I spent some time at my old school
yesterday afternoon. So much has changed—the tennis courts are now
a lecture hall in front of which wedding photos are taken, the soccer
field with a dirt track around it where I used to run at night while
listening to my Walkman (yes, my Walkman) is another lecture hall
that hosts fancy receptions—and yet much has not.
Despite the gaps being filled in with
proud edifices made possible through the contributions of people like
me, reminders of the place I knew remain strong. There's no money in
liberal arts, so the library and classrooms I inhabited are largely
unchanged. The names have mostly changed, but a few of the minds I
studied under are still there.
Walking through the halls, trying to
remember which class I had where, sparked additional memories.
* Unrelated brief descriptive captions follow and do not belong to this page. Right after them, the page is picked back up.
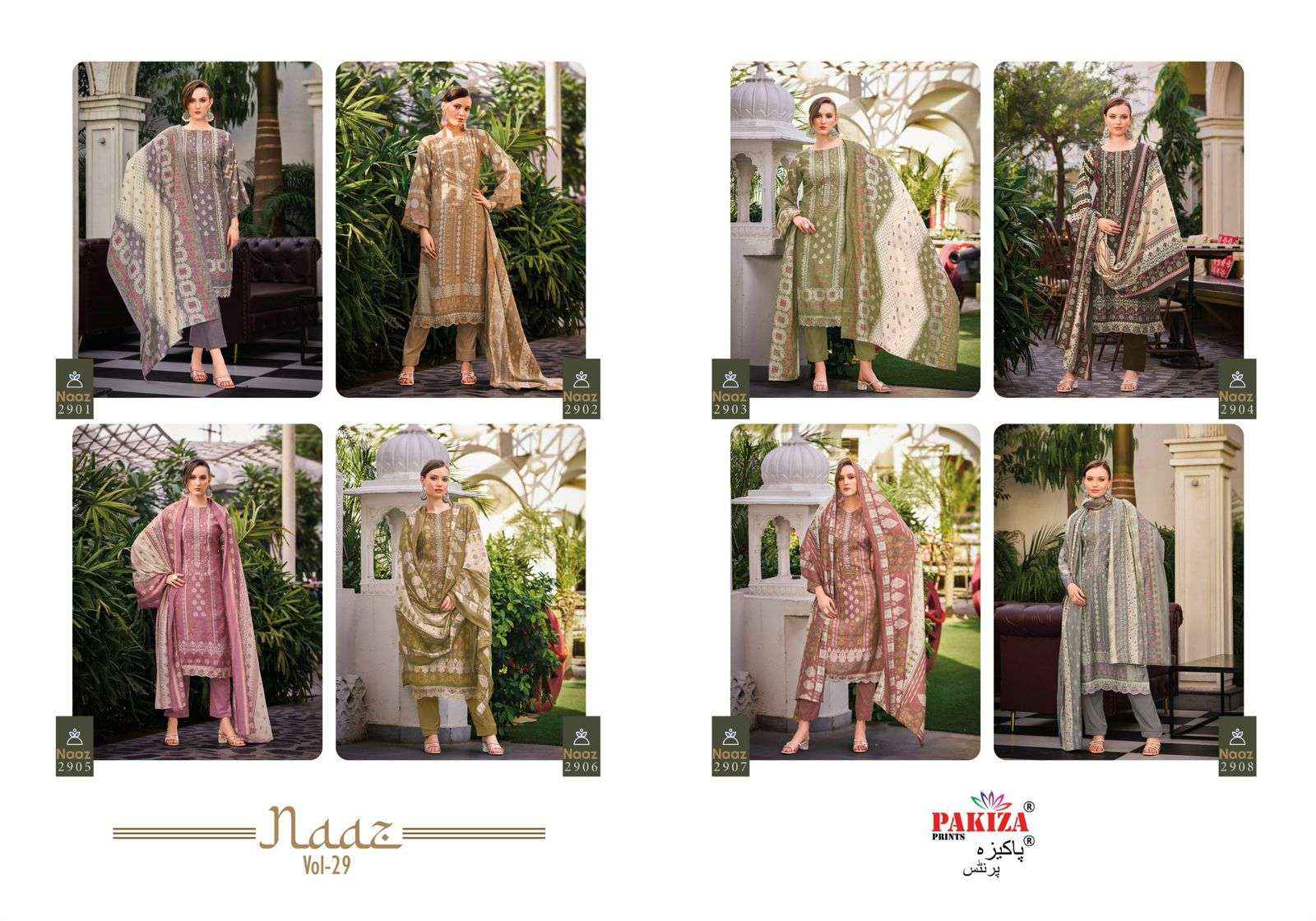 PAKIZA PRINTS NAAZ VOL 29 EMBROIDERY WORK PAKISTANI SUITS ( 8 PCS CATALOG )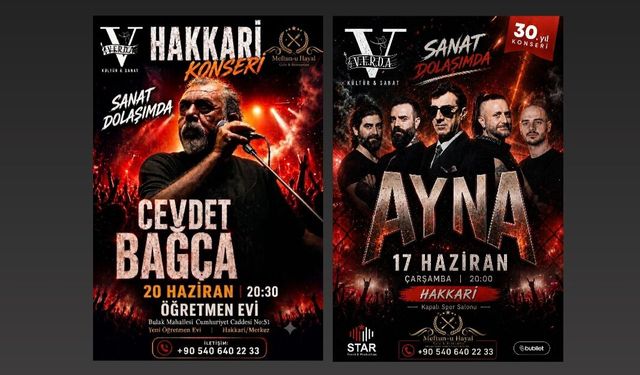 Hakkari’de Grup Ayna ve Cevdet Bağca konser verecek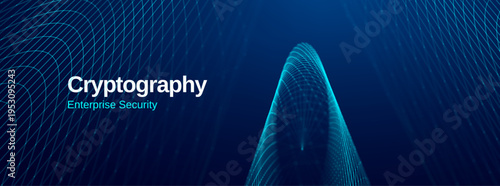 Abstract background Business business intelligence and finance fintech blue background with digital Technology technology. Blue minimal network and geometric grid waves with mesh lines line.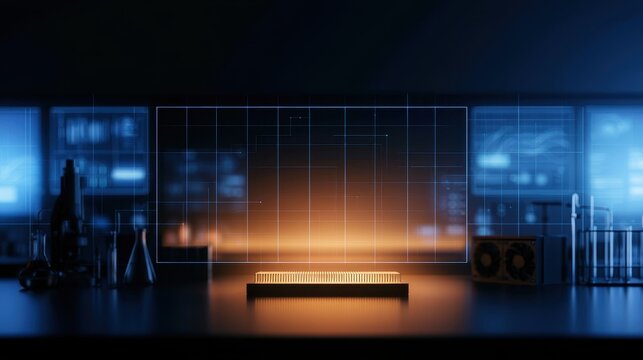 Quantum computing research concept featuring advanced processor components, laboratory instruments, abstract data structures, measurement equipment, technical diagrams, cooling hardware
There
was the first place I ever voted in a presidential election (my guy
lost, as he or she always does), there was the first place I ever
spent the night in a girl's room (she was an RA, no less), there was
where I used to play piano at odd hours.
Is this what being a ghost feels like?
Some people say that ghosts haunt places because they are unable to
move on to some other place, but maybe they just like to visit once
in a while, to be reminded of how things once were before returning
to the here and now. Visiting a place is different than dwelling
there.
It's not just my old school that has
changed. I've changed. The world has changed—for better and for
worse. Things we worried about back then seem quaint now. Things we
worry about now would have seemed impossible back then. We keep
going. I wonder what ever became of my Walkman.